** Opening STUDY MATERIAL block **
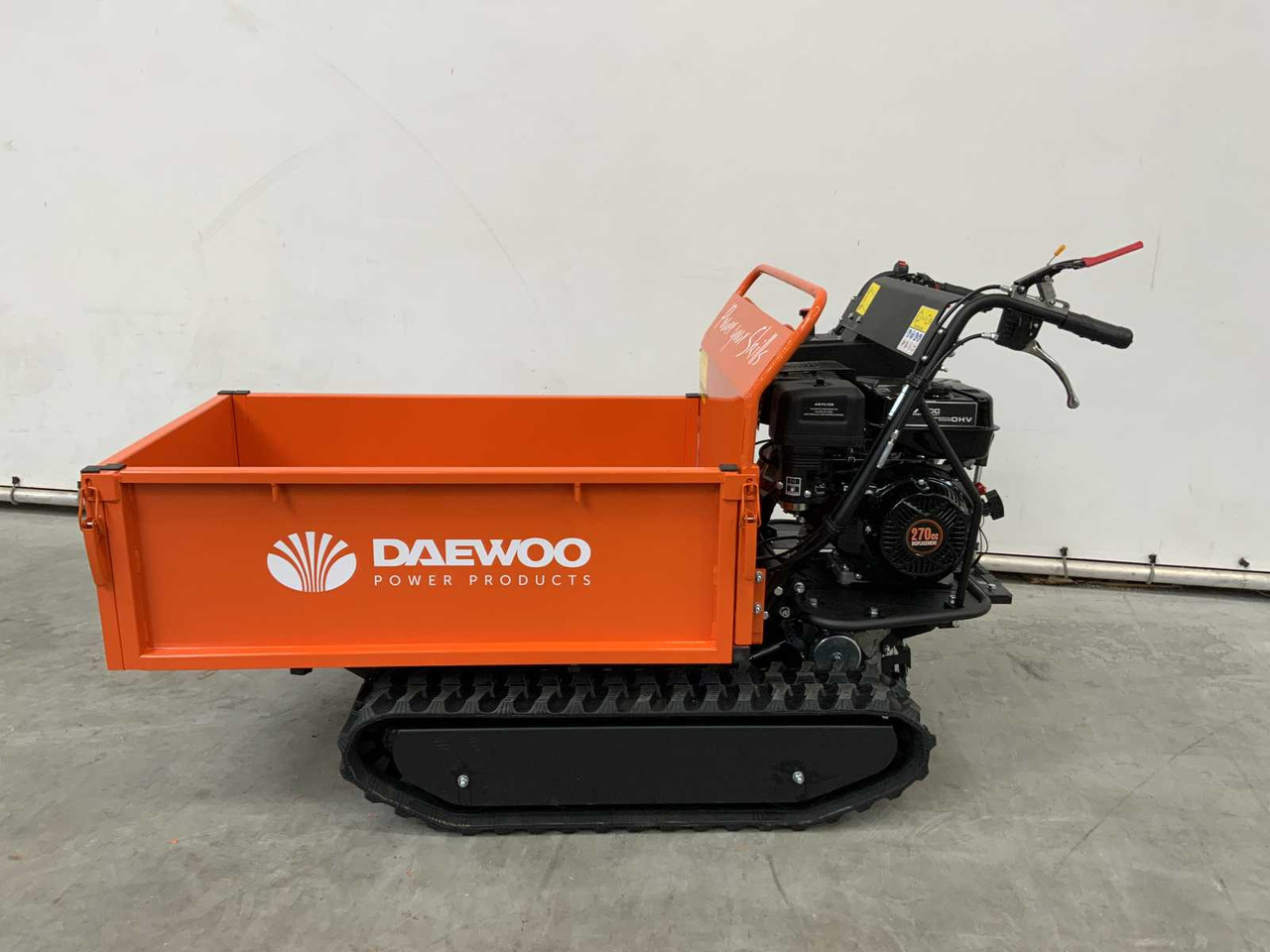 DAEWOO - 2025 - DWFMD500 - HYDRAULIC DUMPER PETROL - Tombador: foto 2 DAEWOO - 2025 - DWFMD500 - HYDRAULIC DUMPER PETROL - Tombador: foto 2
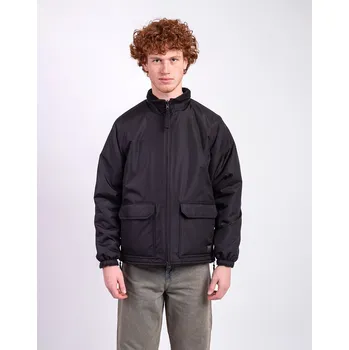 Pánská větrovka Taion Non Down Military Reversible Boa Hi Neck Jacket BLACK×BLACK L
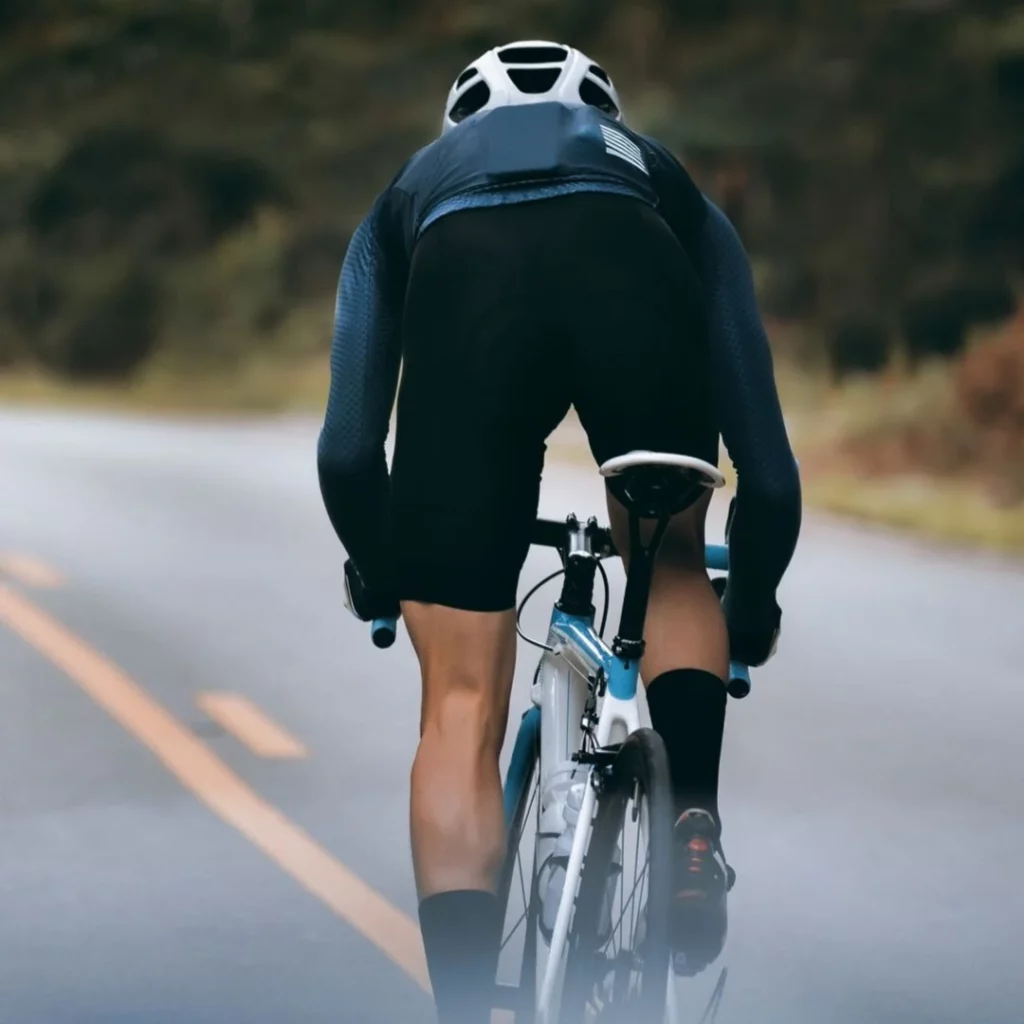 Neck Pain from Cycling: Causes, Prevention, and Solutions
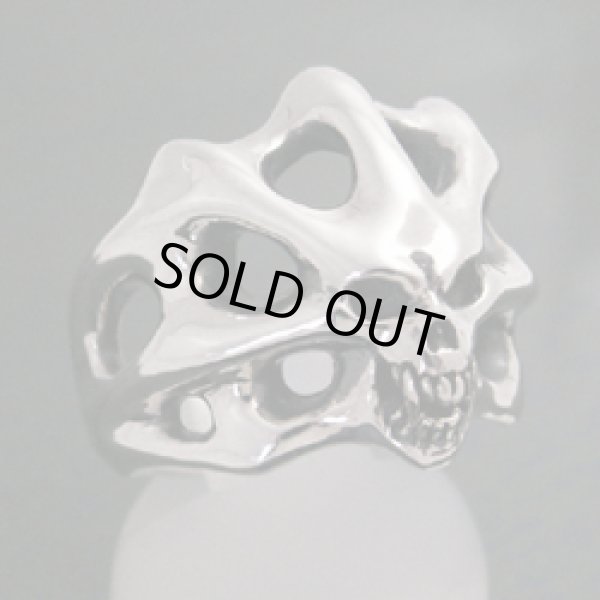 スカルリング/RADIATION SKULL｜S.O.F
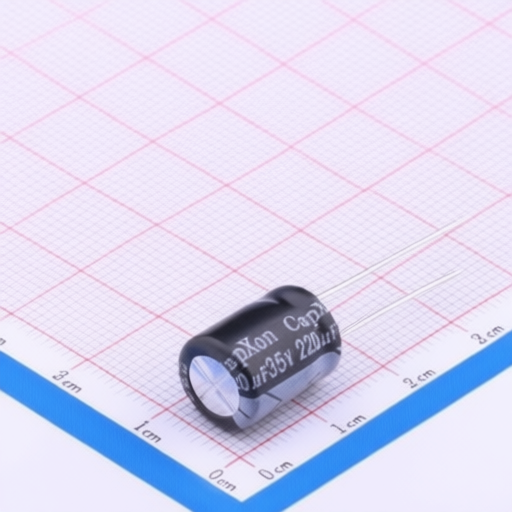 CapXon KF221M035G125A for sale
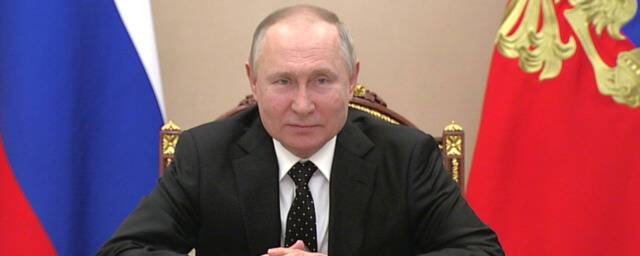 Владимир Путин: Западное сообщество – это империя лжи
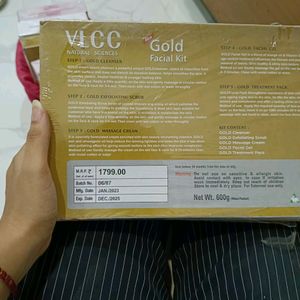 Vlcc Facial Kit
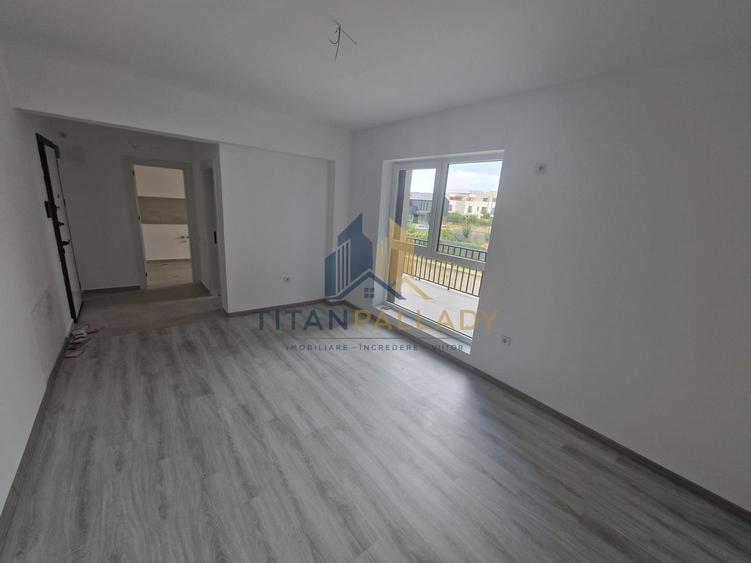 Garsoniera 37 Mp -Imobil Stil Boutique- Titan -Pallady- Metrou Teclu
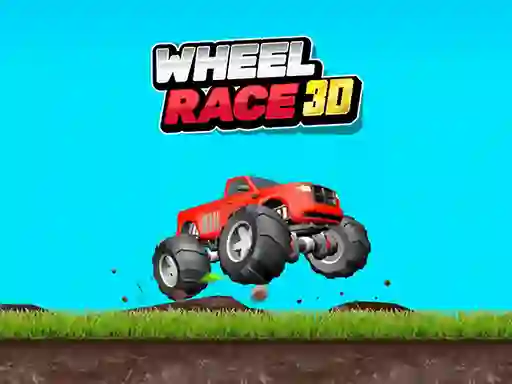 Gêm Wheel Race 3d ar-lein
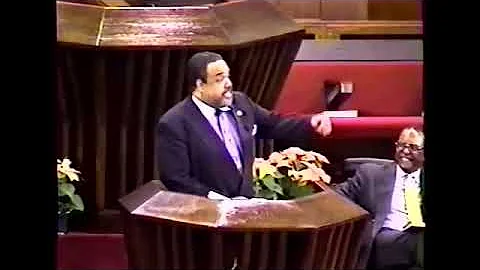 Pastor Walter Pearson~The Eagle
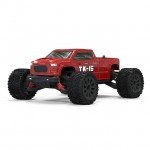 PD Racing 1/16th Scale TK16 Brushed 4WD RC Monster Truck (Ready-to-Run) - PD303T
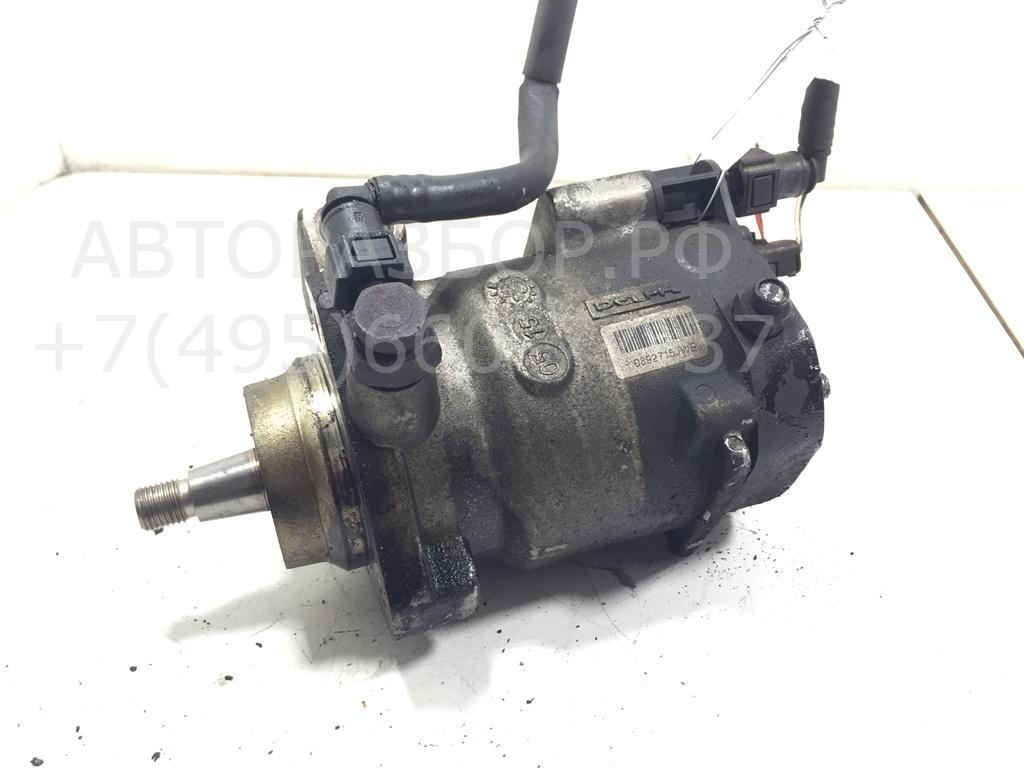 ТНВД (Топливный насос высокого давления)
** Closing STUDY MATERIAL block **
● **YOUR TASK**: Copy word for word every line from the one holding "スカルリング/RADIATION SKULL｜S.O.F" to the end of the listing, both ends included, but do not copy any pictures.

● **WRITTEN SOLUTION**:
 スカルリング/RADIATION SKULL｜S.O.F
 CapXon KF221M035G125A for sale
 Владимир Путин: Западное сообщество – это империя лжи
 Vlcc Facial Kit
 Garsoniera 37 Mp -Imobil Stil Boutique- Titan -Pallady- Metrou Teclu
 Gêm Wheel Race 3d ar-lein
 Pastor Walter Pearson~The Eagle
 PD Racing 1/16th Scale TK16 Brushed 4WD RC Monster Truck (Ready-to-Run) - PD303T
 ТНВД (Топливный насос высокого давления)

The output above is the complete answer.